The 2011 harvest presented itself as one of the strangest in the last 25 years: Why was this so?
A winter with significant rainfall and abundant snowfall permitted the land to accumulate a reserve of water for the coming months. April and May were unusually warm and dry months. This caused the vegetative cycle of the vines to begin two weeks sooner than normal and to continue so until flowering. The summer then proceeded in a more normal fashion until the middle of July with temperatures from 25°-29° and occasional temperatures of 32° and 33°. The second half of the month was characterized by cooler temperatures, 22°-25°, and occasional rain. These cooler temperatures caused a shock to the vines and a slowing of their growth.
Just when we all believed that the summer was over, temperatures in August slowly began to rise until they reached 35°-37° during the day and a very warm 22° at night. This brought about an uneven ripening process of the grapes. Each vineyard, and even zones within given vineyards, reacted differently.
We began the harvest on the 31st of August and it continued until the end of September, with our best vineyards being harvested at that time. It was necessary to harvest vineyard by vineyard, even parcel by parcel, based on the characteristics of the soil, the different clones and rootstocks and plant’s age. It was important to recognize that the data accumulated through the years was of little help in 2011 while experience and knowledge of these years was more important than ever.

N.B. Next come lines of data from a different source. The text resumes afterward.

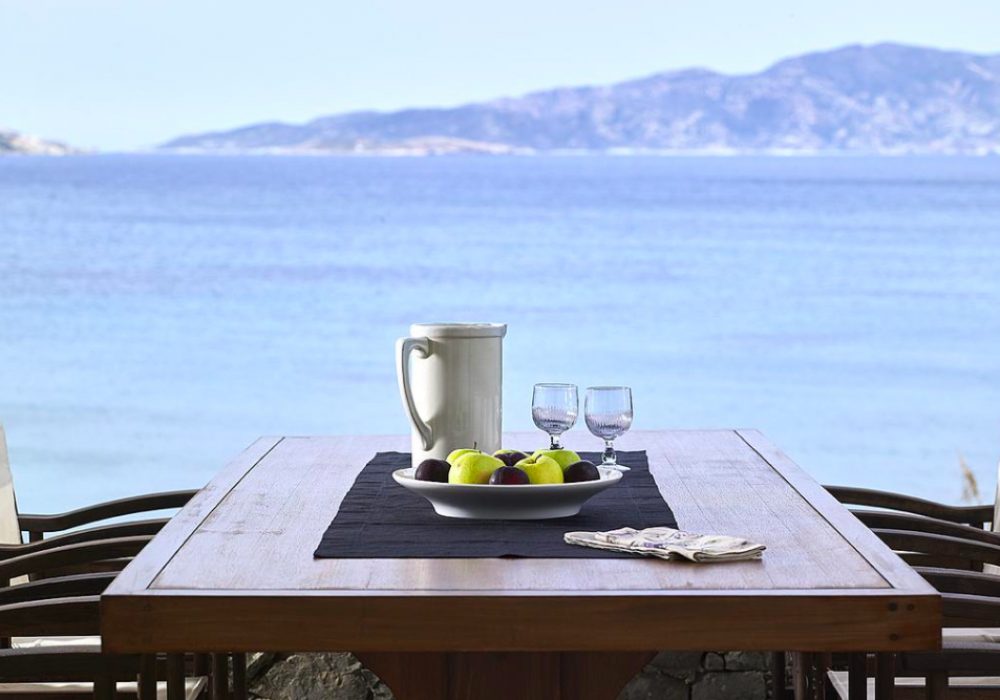 Milos villa1 8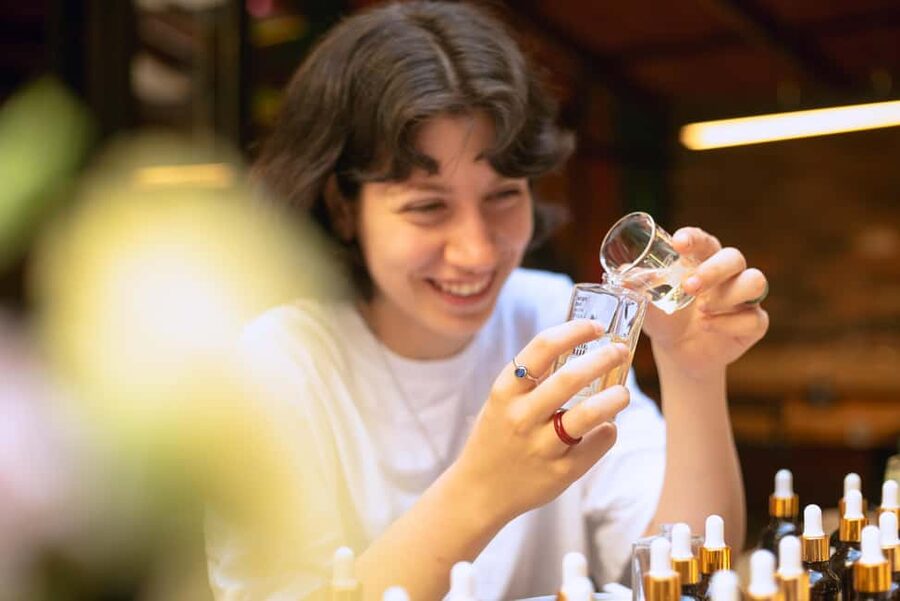 Istanbul: Perfume Making Workshop with Snacks and Drinks - Key things to know before you go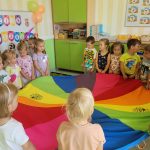Zabawa z chustą animacyjną Kolory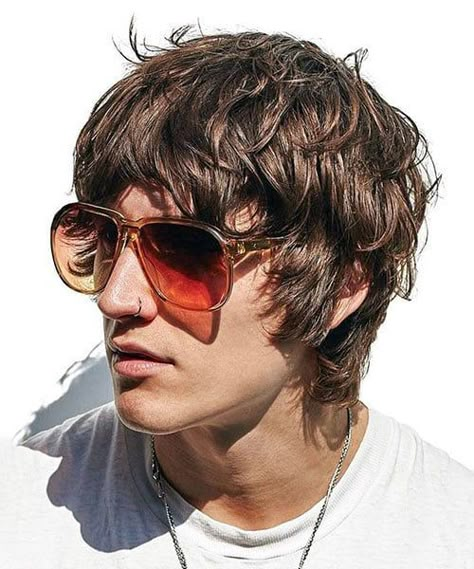 Textured Wavy Retro Shag. This classic surfer hairstyle for men is attractive, easy to create and will stand out at the beach. 70s Hairstyles Men, 70s Haircuts, Surfer Hairstyles, Surfer Hair, Mod Hair, 70s Hair, Shaggy Haircuts, Mens Hairstyles Thick Hair, Corte De Cabelo Masculino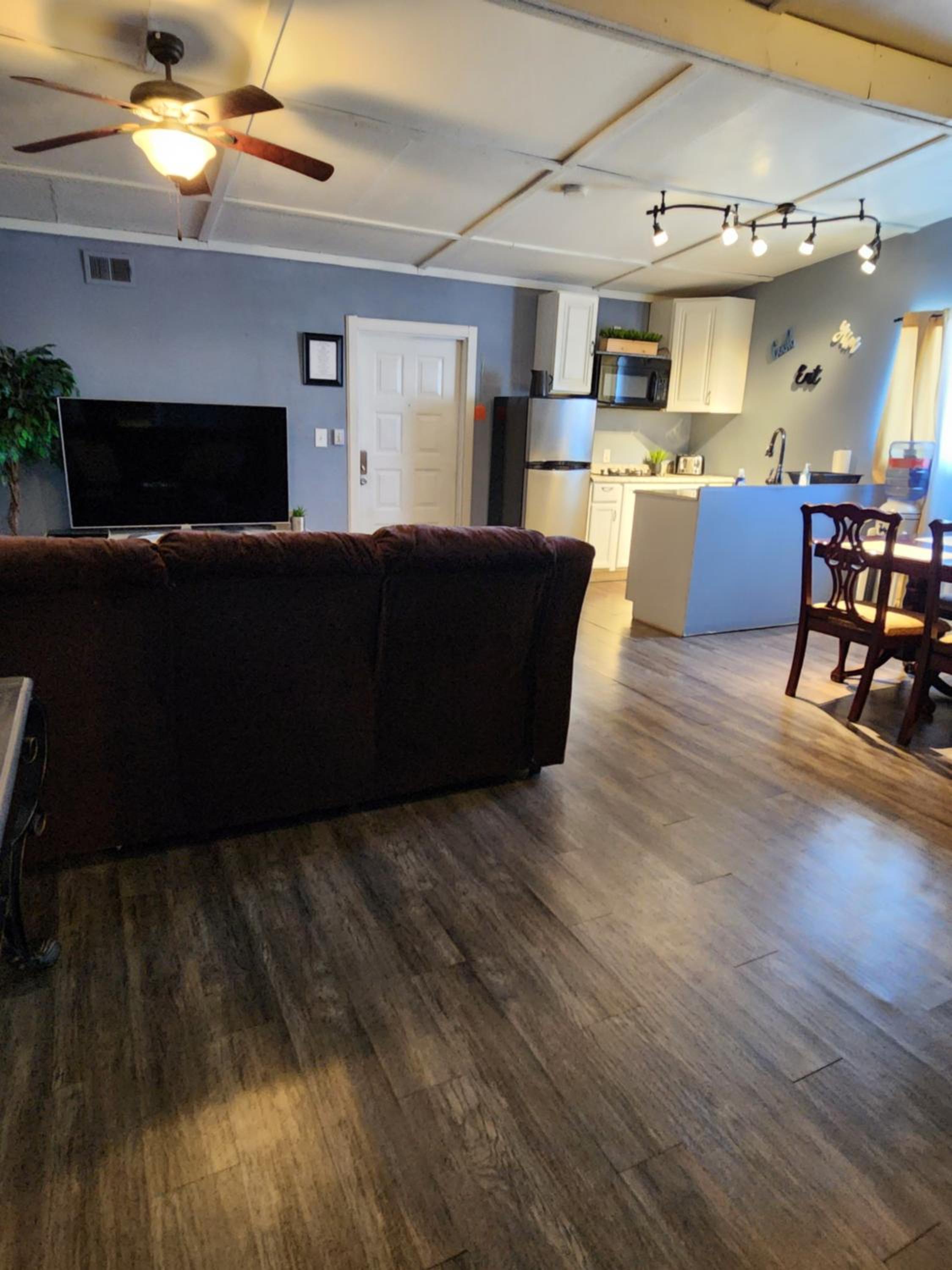 One-Bedroom House - Photo 1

Generally speaking, and having spoken to a number of friends producing wine in the area, the quality of the vintage was determined by the manner in which the vineyards reacted to the unusual climactic conditions. Varietals also played a vital role in the quality of the vintage. Sangiovese was certainly better suited to such conditions while Merlot, for example, matured too quickly and has resulted in wines with high alcohol levels with little complexity.
One sees this year, above all, and in a positive sense, the importance of the soil being prepared well and a careful choice of rootstocks suited to specific sites.
In the end it was an extremely complex year. While it certainly will not be a bad year, it will not, at the same time, be a great one. Yet, for me, it was a challenge and will continue to be so in the coming months as the wines develop.